I was assisting two friends of mine in hosting a Thanksgiving dinner for about thirty people here in Chicago when I met one of the guests named David. By the time I was introduced to him, he knew that I was a Julia Child cook and blogger, so they asked if I'd been to "the Julia Child play."
"The what?" I queried.
The play about Julia Child. "I think it's called 'Mastering the Art' or something like that", he said. It was a play about Julia Child and her husband when they lived in postwar France and her discovery of cooking. "But it's been sold out for a long time," said another one of the Davids.
"To Master the Art"
He said that the theatre might be adding a couple of performances and that I should call the Timeline Theatre the very next day. Maybe I could get a ticket. . . .

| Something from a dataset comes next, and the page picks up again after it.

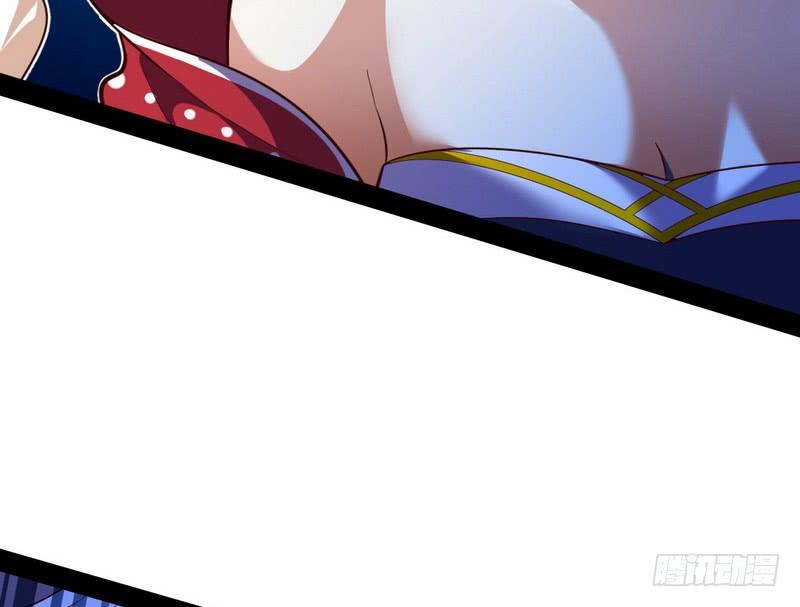 I'm An Evil God Ch.18 p33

I called the theatre the next day, the very minute the box office opened. All performances were sold out, But! . . alas! .They had added one more performance on December 15th and had only two tickets left. . .
"Did I want them?"
"Yes . . . innocently . . . Implicitly. . . .
My bestie foodie friend, Liane, accompanied me on a blisteringly cold night to a performance of "To Master the Art". Within the first thirty seconds of this performance, I had tears streaming down my face. The performance was that stunning. Liane was, hopefully, not embarrassed by my reaction; I doubt that she was surprised by it. (After all, that's why I brought my bestie foodie friend to accompany me to the world premier of this performance.)
Needless to say, the performances were brilliant throughout. Whenever there was a scene in a restaurant, a kitchen, or the Cordon Bleu, the audience was permeated with exquisite different aromas: roasted chicken in tarragon, and, (I swear) the smell of beurre blanc blasted the audience.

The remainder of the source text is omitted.